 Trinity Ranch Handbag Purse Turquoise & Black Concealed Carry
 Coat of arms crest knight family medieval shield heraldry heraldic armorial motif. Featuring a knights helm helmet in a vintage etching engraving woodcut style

=====

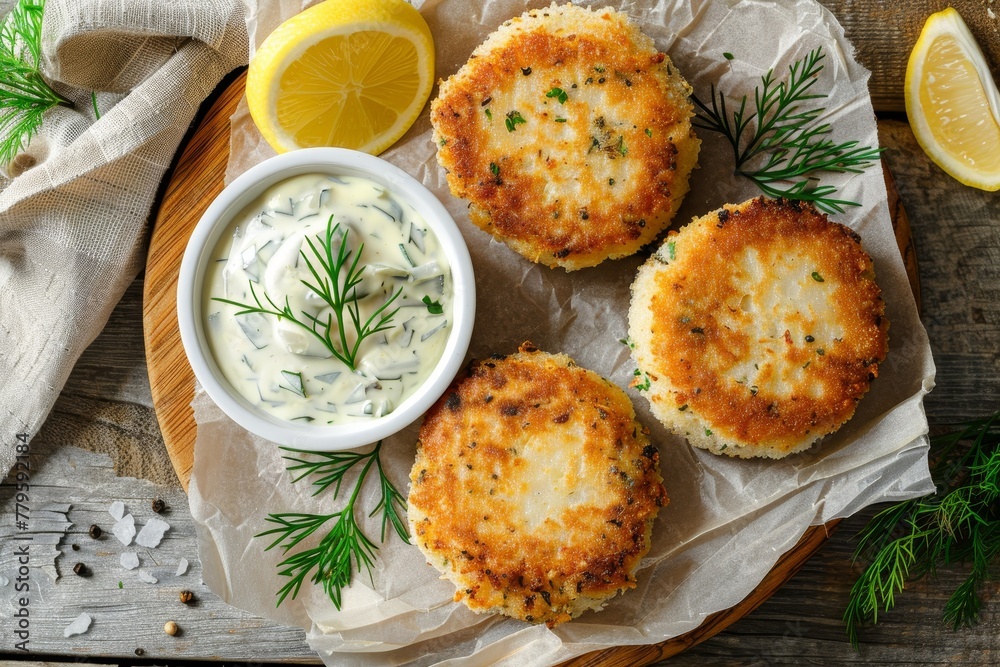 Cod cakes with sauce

=====

Every line above from the line with "Trinity Ranch Handbag" to the line with "Coat of arms", both included, must be reproduced exactly, and no other line may appear.

 Trinity Ranch Handbag Purse Turquoise & Black Concealed Carry
 Coat of arms crest knight family medieval shield heraldry heraldic armorial motif. Featuring a knights helm helmet in a vintage etching engraving woodcut style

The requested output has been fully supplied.